When we buy a home or lease a dwelling, when we purchase a car, when we take out insurance of any kind, we make a commitment to mortgage payments, the rent, the car payments, or the insurance premiums. Commitments appear in other areas of our lives too. When we marry, we commit ourselves to our spouses. When we bring children into the world, we commit ourselves to their raising and their support. When we sign a contract of any kind, we commit ourselves to living up to its terms. We commit ourselves to our families, our friends, and to the goals we set for ourselves. That means keeping all the agreements and promises you’ve made to yourself and to others as you forge ahead to reach success in the business world or in other endeavors. Their strength lies in the truth that life works when you keep your commitments to yourself and others. Nobody says that keeping commitments is easy. It takes a lot of willpower and self-discipline.
Here are a couple of ways I used to stay committed to my goal of becoming a successful automobile salesperson. First, at home after putting in a day at the dealership I wrote down what I planned to do the next day. I never listed more than three objectives for the next day. It’s easier to keep your commitments if you limit them to three. And writing them down fixes them firmly in your mind. Your list becomes a visual aid. Second, at the beginning of the following week, I’d refer to another visual aid—a phrase I had printed on a large file card and had thumb tacked on the wall of my office. It read:” I’m going to beat last week’s record!” The visual aids reinforced my determination to keep my commitments. Visual reinforcement worked for me. Try it; it could work for you.
Certainly there will be occasions when staying committed to your business or other goals will bring on periods of discouragement as well as moments of great satisfaction. It may often seem that for every two steps you take forward, you fall one step back. I know from personal experience that this can happen. But I never dwell on a backward step, for that only puts out negative vibes.

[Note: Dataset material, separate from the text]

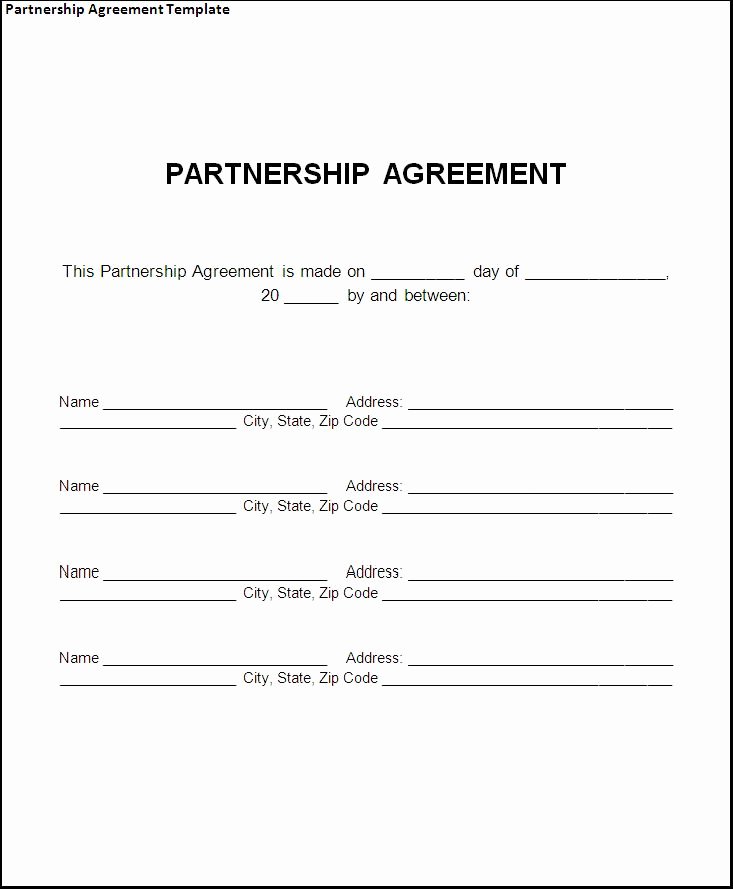 Partnership Agreement Template forms Word format Excel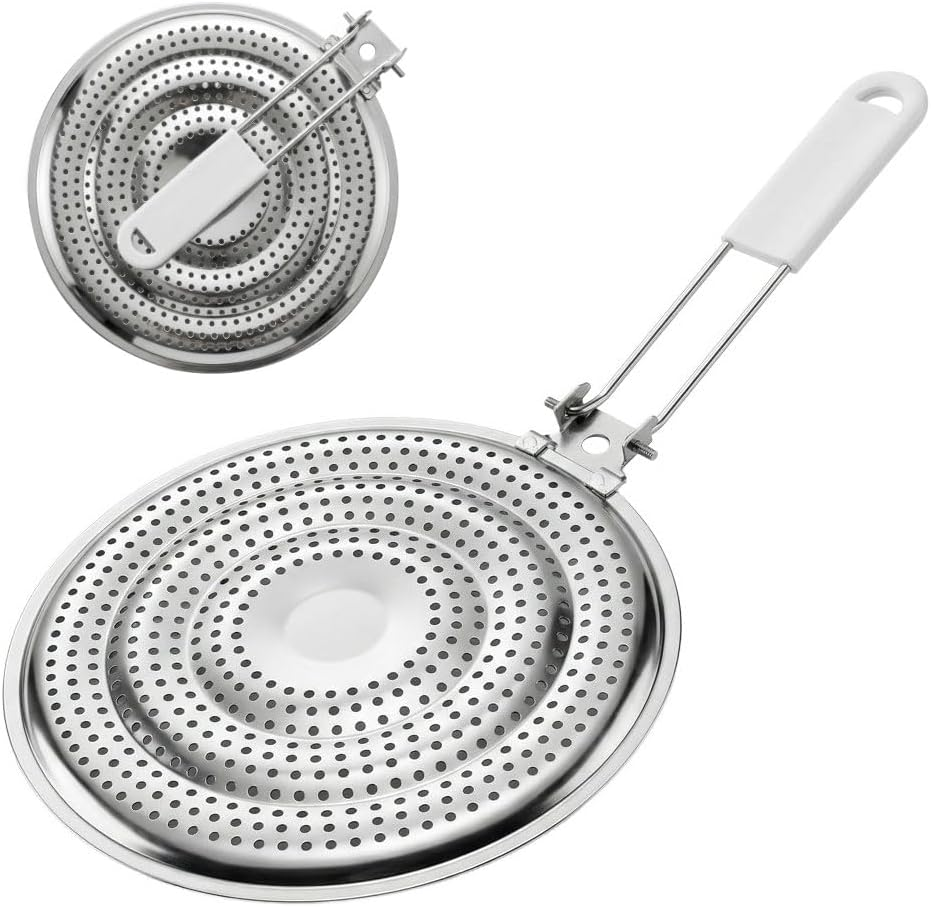 HIC Kitchen Heat Diffuser Reducer Flame Guard with Removable Handle, Stainless Steel, Distributes Heat Evenly and Reduces Scorching, for Gas Electric Glass Stovetops, 8.25-Inch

I found that staying committed was easier if I shared my satisfaction times with others. Doing so reinforced my efforts and gave encouragement to others. I also realized that sharing personal discouragements with others served no useful purpose. If you want to be successful, keep your troubles to yourself. Even if you’re not having a good time at the moment, make people believe you are. I gave that advice one time during a lecture. As usual, people came up afterwards to talk to me. One young salesperson said: “I’ve heard the expression ‘crying on the inside, laughing on the outside’. Is that what you’re suggesting?” I told him that was exactly what I meant. People have enough troubles of their own. Nobody wants to see your tears. Keeping them hidden calls for self-discipline. And self-discipline is one of the keys to keeping your commitments!